We welcome contributions to Finch, and follow the Julia contributing guidelines. If you use or want to use Finch and have a question or bug, please do file a Github issue! If you want to contribute to Finch, please first file an issue to double check that there is interest from a contributor in the feature.
Finch is currently in a pre-release state. The API is not yet stable, and breaking changes may occur between minor versions. We follow semantic versioning and will release 1.0 when the API is stable. The main branch of the Finch repo is the most up-to-date development branch. While it is not stable, it should always pass tests.
Contributors will develop and test Finch from a local directory. Please see the Package documentation for more info, particularly the section on developing.

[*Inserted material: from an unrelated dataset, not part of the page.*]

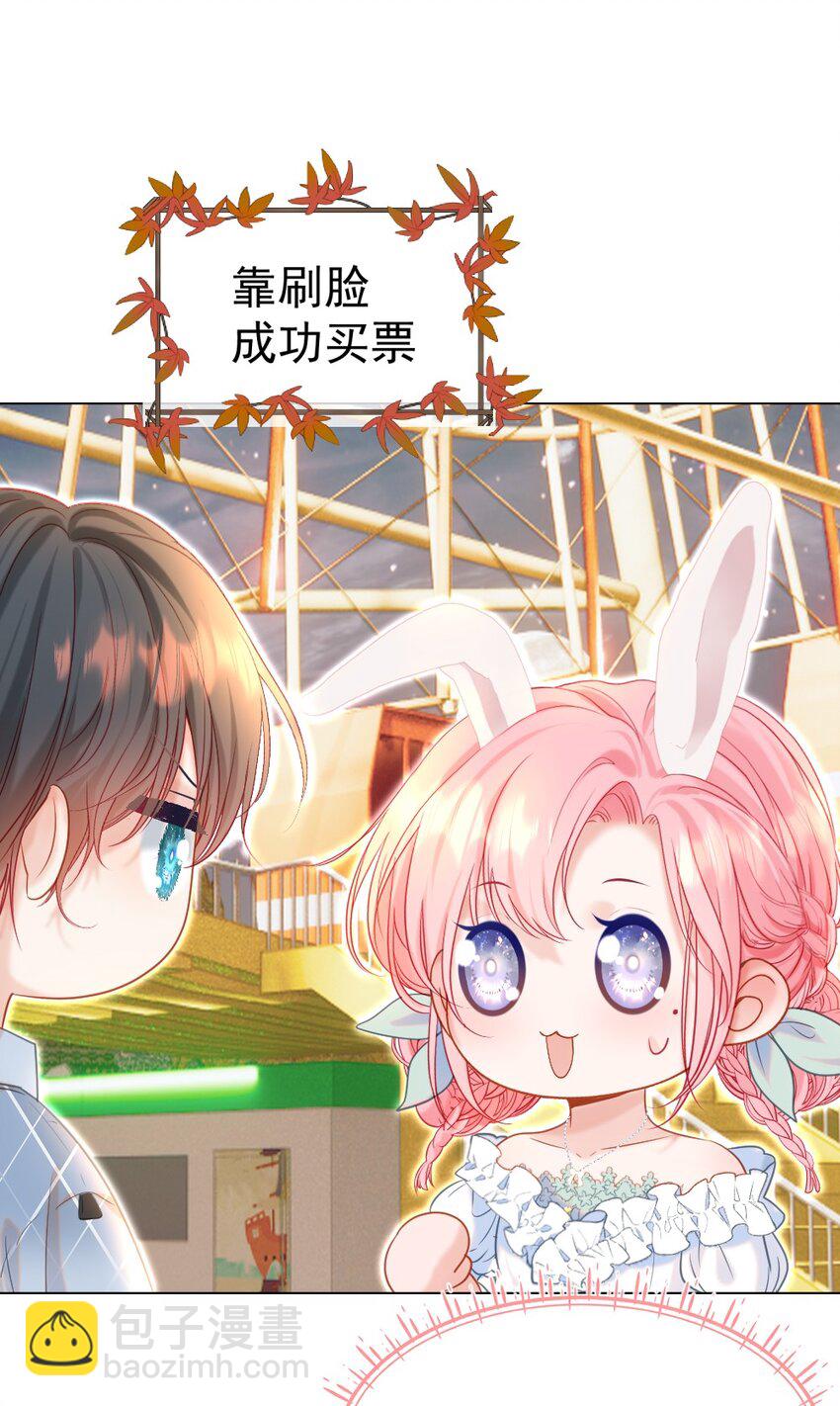 009 醉人醉心(1/2)-第10话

To determine which version of
Finch you have, run Pkg.status("Finch")
in the Julia REPL. If the installed
version of Finch tracks a local path, the output will include the path like so:
Status `~/.julia/environments/v1.9/Project.toml`
[9177782c] Finch v0.5.4 `~/Projects/Finch.jl`
If the installed version of Finch tracks a particular version (probably not what you want since it will not reflect local changes), the output will look like this:
Status `~/.julia/environments/v1.8/Project.toml`
[9177782c] Finch v0.5.4
Finch include several scripts that can be executed directly, e.g. runtests.jl
.
These scripts are all have local Pkg
environments.
The scripts include convenience headers to automatically use their respective
environments, so you won't need to worry about --project=.
flags, etc.
All pull requests should pass continuous integration testing before merging.
The test suite has a few options, which are accessible through running the test
suite directly as ./test/runtests.jl
.
Finch compares compiler output against reference versions.

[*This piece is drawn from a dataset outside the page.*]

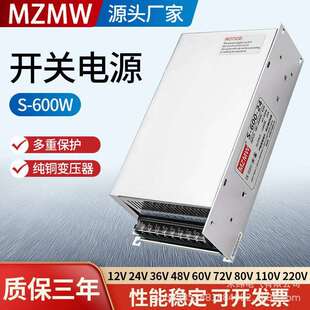 S-600-24伏220转12V24V36V48V60V50A25a直流DC转换开关电源600W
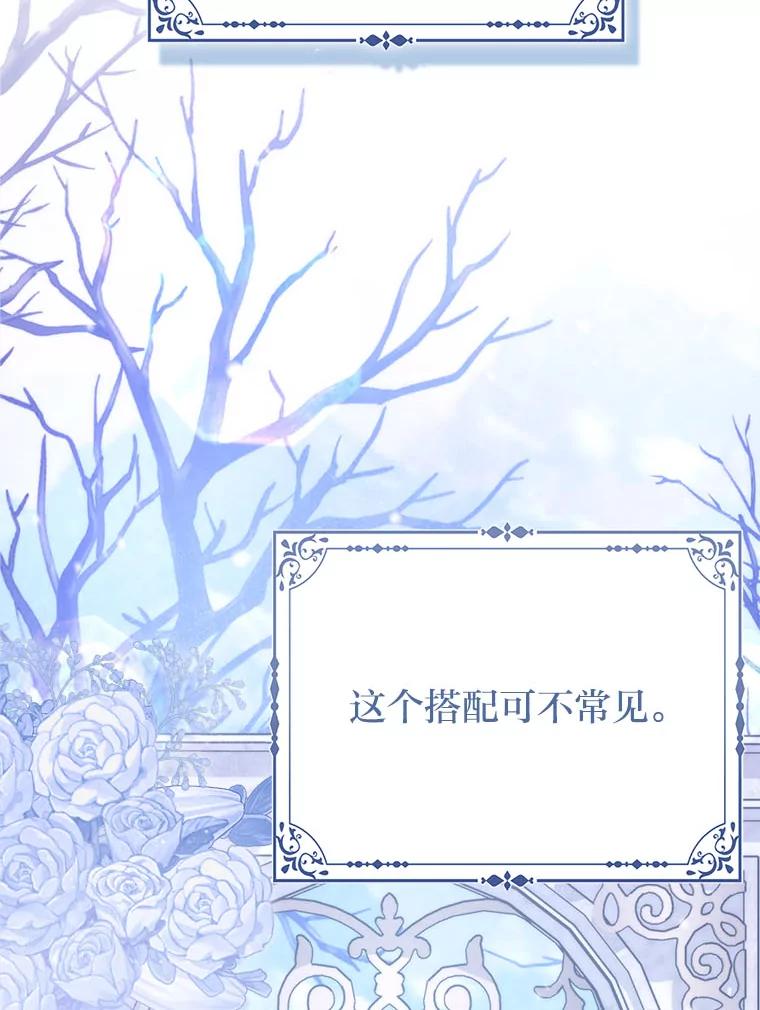 《反派们最爱的我》12.恩人 第51页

If you have the appropriate permissions, you can run the FixBot github action on your PR branch to automatically generate output for both 32-bit and 64-bit builds.

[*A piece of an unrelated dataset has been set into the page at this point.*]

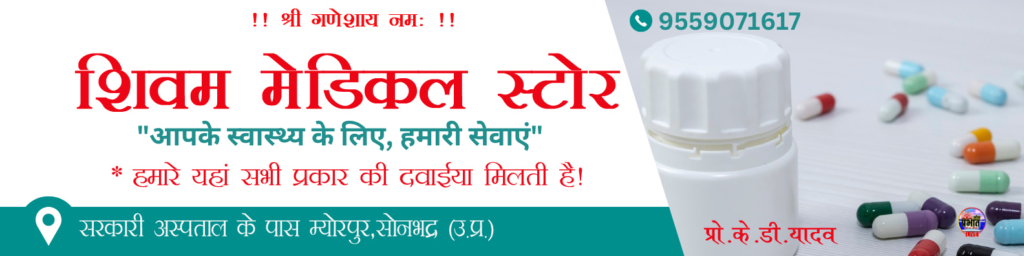 Advertisement 1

If you run the test suite directly you can pass the --overwrite
flag to tell
the test suite to overwrite the reference. Because the reference output depends
on the system word size, you'll need to generate reference output for 32-bit and
64-bit builds of Julia to get Finch to pass tests. The easiest way to do this is
to run each 32-bit or 64-bit build of Julia on a system that supports it. You
can Download multiple builds yourself or use
juliaup to manage multiple versions.
Using juliaup, it might look like this:
julia +release~x86 test/runtests.jl --overwrite
julia +release~x64 test/runtests.jl --overwrite
The test suite takes a while to run. You can filter to only run a selection of test suites by specifying them as positional arguments, e.g.
./test/runtests.jl constructors conversions representation
This information is summarized with ./test/runtests.jl --help
finch-tensor-python contains a separate Array API compatible test suite written in Python. It requires Python 3.10 or later and Poetry installed.
It can be run with:
git clone https://github.com/finch-tensor/finch-tensor-python.git
cd finch-tensor-python
poetry install --with test
FINCH_REPO_PATH=<PATH_TO_FINCH_REPO> poetry run pytest tests/
The Finch test suite includes a benchmarking script that measures Finch
performance on a variety of kernels. It also includes some scripts to help
compare Finch performance on the feature branch to the main branch. To run the
benchmarking script, run ./benchmarks/runbenchmarks.jl
. To run the comparison
script, run ./benchmarks/runjudge.jl
. Both scripts take a while to run and
generate a report at the end.
The /docs
directory includes Finch documentation in /src
, and a built
website in /build
. You can build the website with ./docs/make.jl
. You can
run doctests with ./docs/test.jl
, and fix doctests with ./docs/fix.jl
,
though both are included as part of the test suite.